GIVEN INFORMATION
--- START ---

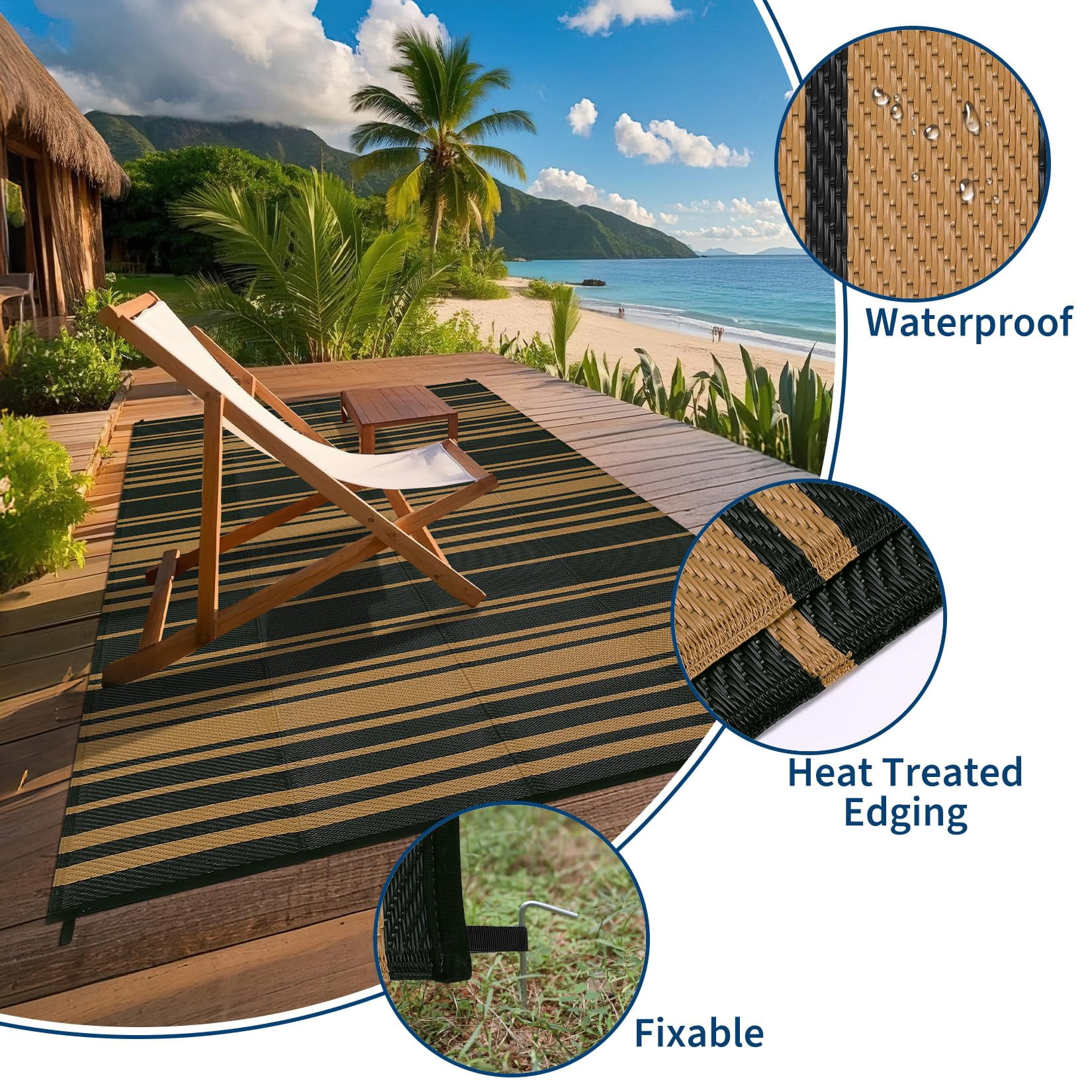 Danolapsi Outdoor Rug Mat for Patio,8x10 Plastic Straw Rug,Waterproof Plastic Straw Mats,Modern Striped Outdoor Camping Rugs for Patio,RV,Porch, Deck,Backyard,Balcony,Camping,Trailer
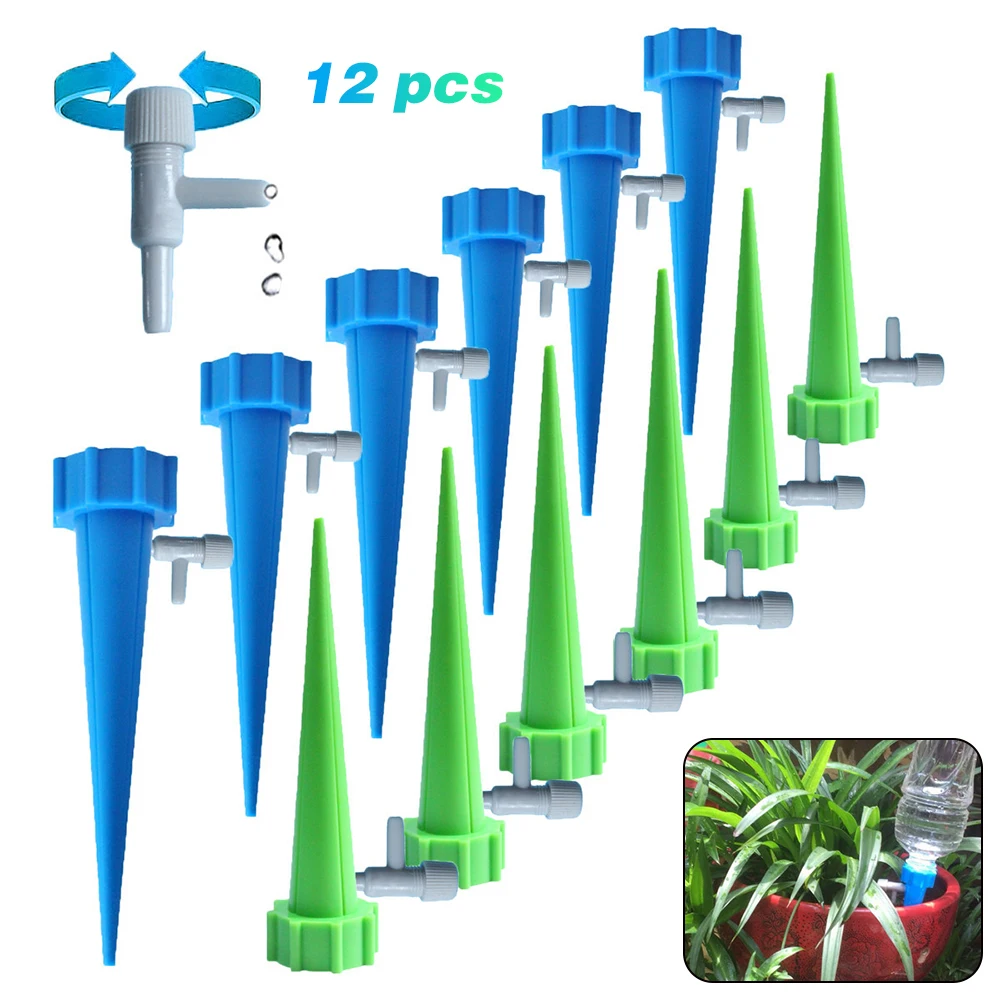 

12PCs Plant Water Seepage Organ Automatic Drop Dawdler Valve Adjust Flower Self Watering Spikes Stakes Irrigation System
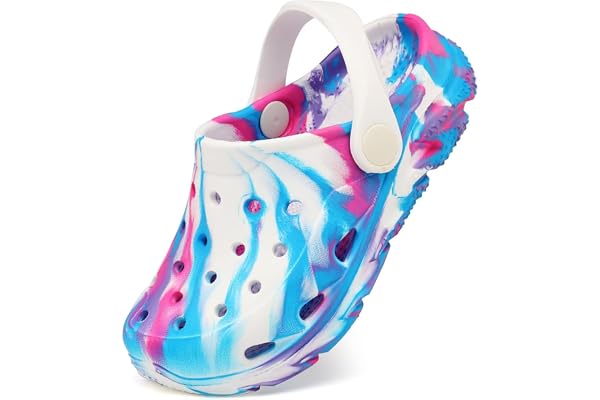 Cubufly Kids Clogs Boys Girls Marbled Tie Dye Garden Water Shoes Toddler Slides Sandals Pool Beach Slipper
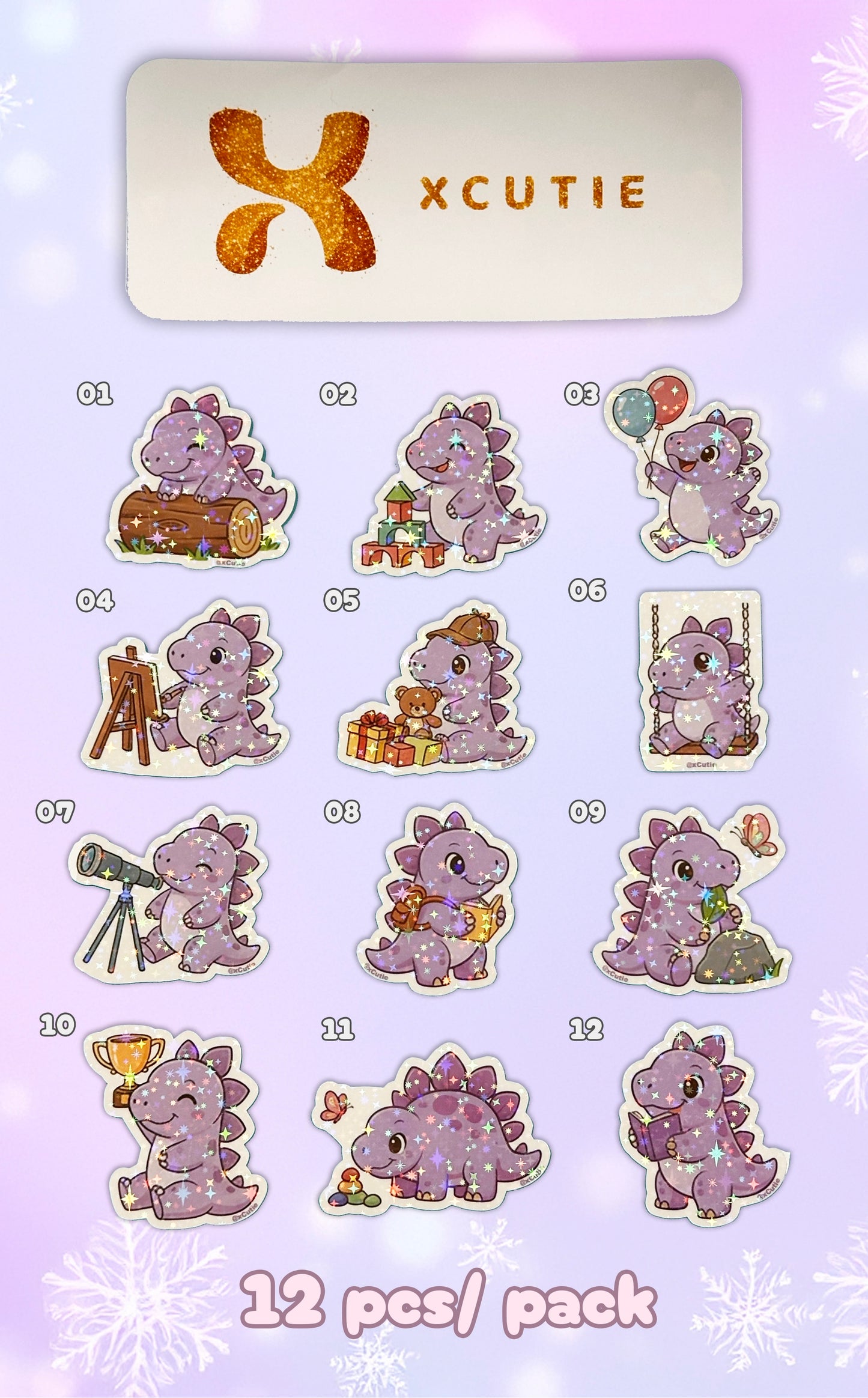 QQ Dino - Stegosaurus - Dinosaur  Vinyl Sticker Set #01 || 12 pcs/ pack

--- END ---

DIRECTIONS FOR THIS TASK
Output exactly, and with no pictures, the lines from the line that holds "12PCs Plant Water" through the last line of the listing above.

FINAL ANSWER
12PCs Plant Water Seepage Organ Automatic Drop Dawdler Valve Adjust Flower Self Watering Spikes Stakes Irrigation System
 Cubufly Kids Clogs Boys Girls Marbled Tie Dye Garden Water Shoes Toddler Slides Sandals Pool Beach Slipper
 QQ Dino - Stegosaurus - Dinosaur  Vinyl Sticker Set #01 || 12 pcs/ pack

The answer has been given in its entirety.